Stand By Taiwan
THE SOURCE: “Should the United States Abandon Taiwan?” by Nancy Bernkopf Tucker and Bonnie Glaser, in The Washington Quarterly, Fall 2011.
Every year China publically grumbles about the United States' support of Taiwan, and every year Washington pretends not to hear. Some U.S. foreign-policy specialists are sick of this dynamic, arguing, according to Georgetown University historian Nancy Bernkopf Tucker and analyst Bonnie Glaser of the Center for Strategic and International Studies, that Taiwan is a “strategic liability, an expensive diversion and . . . an obstacle to more important U.S.-China relations.” Don’t take the bait, say Tucker and Glaser. If anything, the United States should increase its support of the small democratic island.

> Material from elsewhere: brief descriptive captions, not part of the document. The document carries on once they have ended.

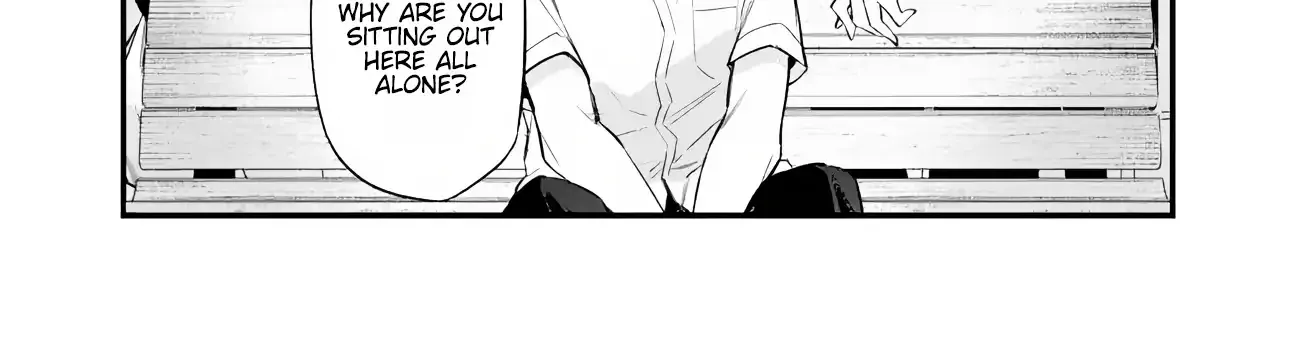 Osananajimi Kanojo no Morahara ga Hidoin de Zetsuen Sengen shite Yatta ~Jibun Rashiku Ikiru Koto ni Shitara, Naze ka Tonari no Seki no Kakure Bishoujo kara Kokuhaku Sareta~ Chapter 40 page 23 - 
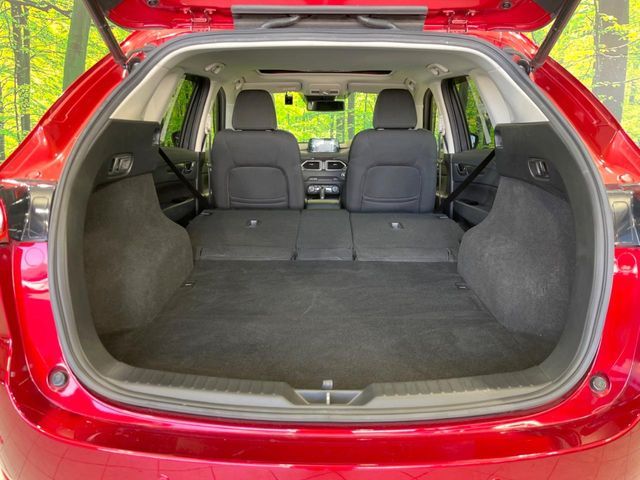 MAZDA CX-5 4WD 2017 Image 31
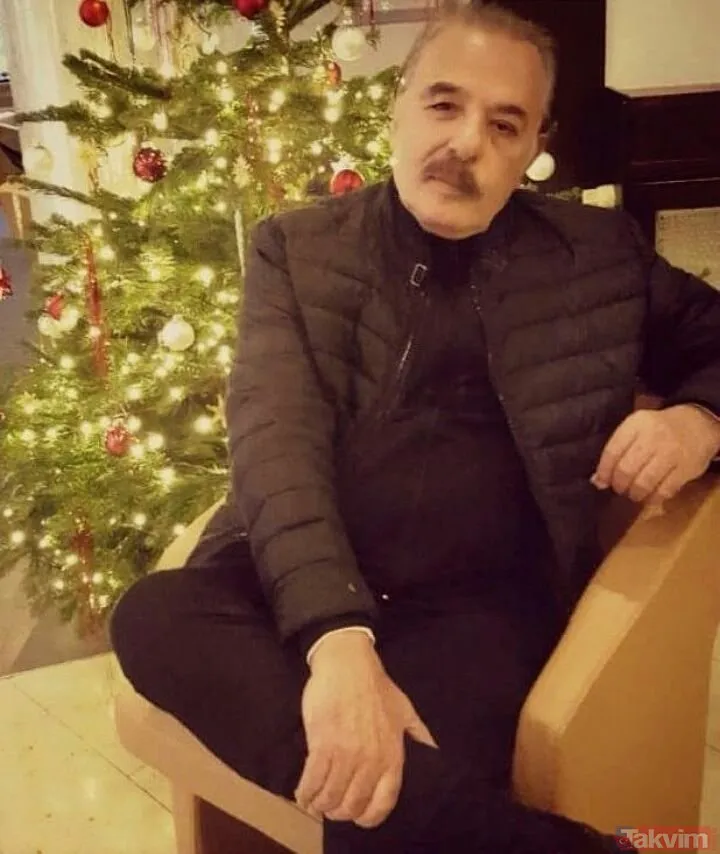 Ferdi Tayfur’un son haline bakın! Yeni imajını kızı Tuğçe Tayfur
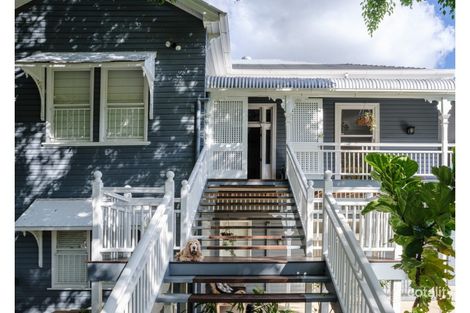 Property photo of 55 Coolibah Street Bardon QLD 4065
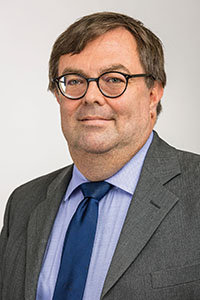 Christian Filzwieser: &bdquo;Ein zentrales Anliegen unserer Arbeit ist allgemein die F&uuml;hrung rascher und qualitativer Asylverfahren&ldquo;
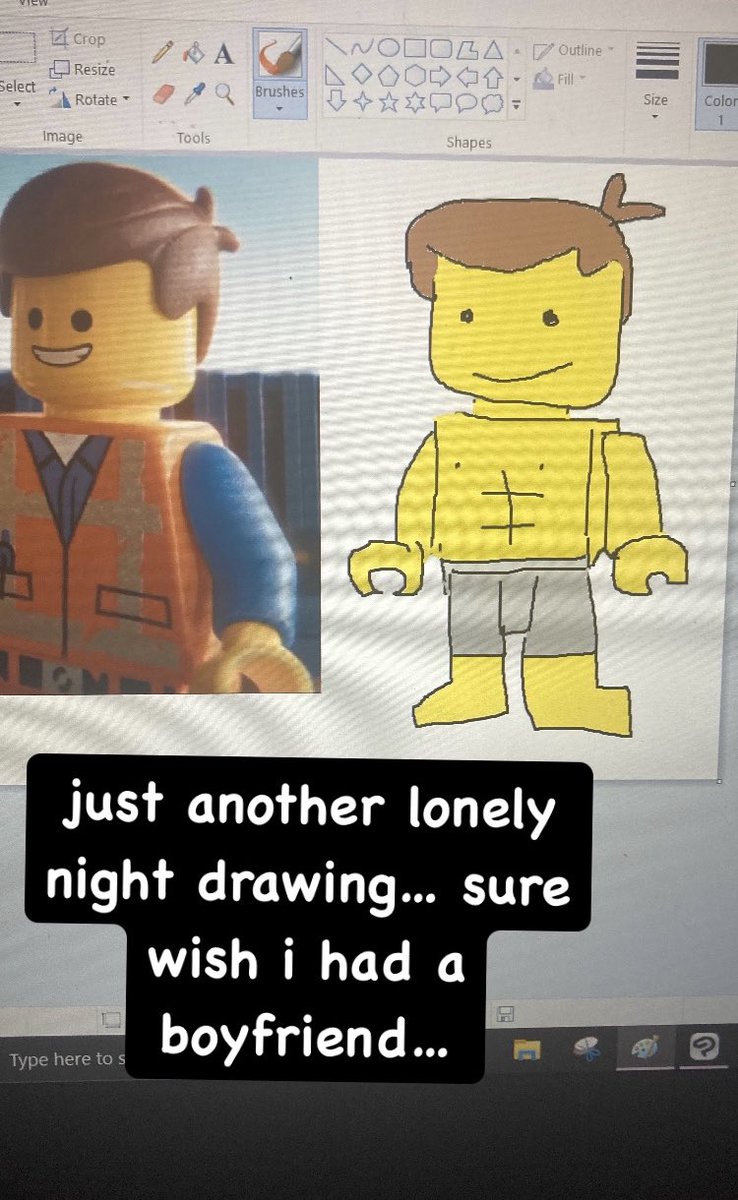 computerkisser's tweet image. 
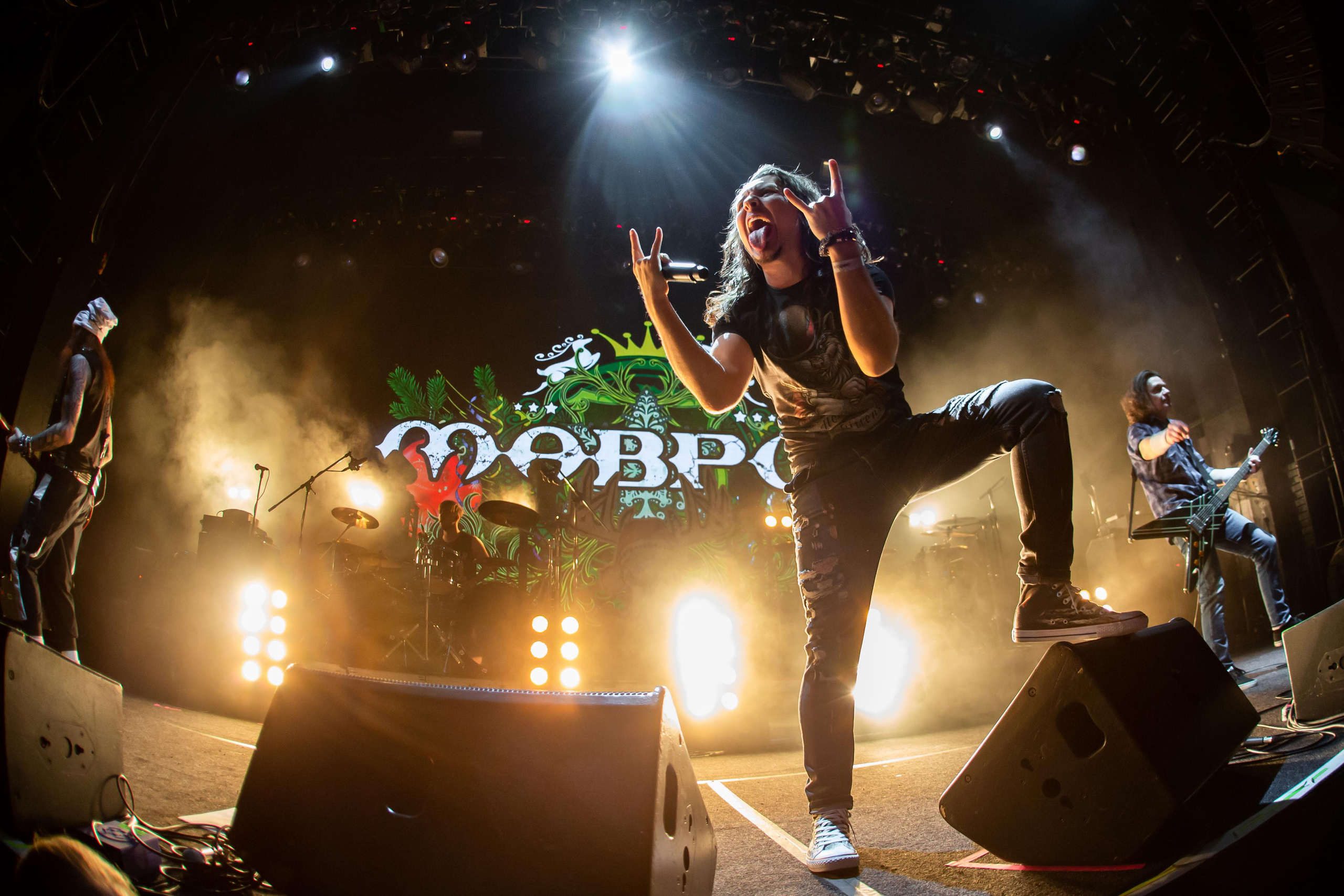 МАВРИН. Фотограф Сонкина Татьяна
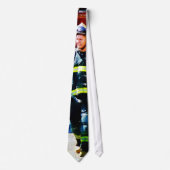 Fireman Stropdas (Voorkant)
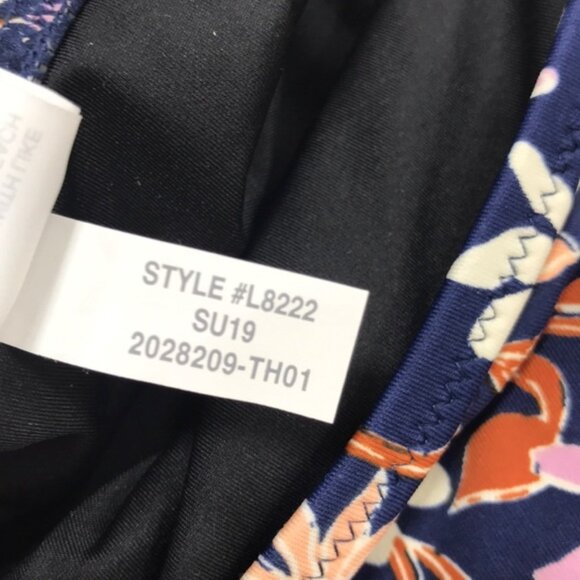 Madewell Second Wave Classic Bikini Bottom - Picture 8 of 8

Even if the United States did bow to China’s wishes and pull the plug on its Taiwan support, there is no guarantee that relations between the rival superpowers would get any smoother, the authors argue. China would continue to oppose U.S. interests on nuclear proliferation in Iran and North Korea. And Beijing would be more likely to view U.S. capitulation on Taiwan as a cowering dodge than a proffered olive branch. Walking away from Taiwan could sap the United States’ negotiating power throughout the region, moreover, and possibly send friends in the area, such as Japan and South Korea, into China’s arms.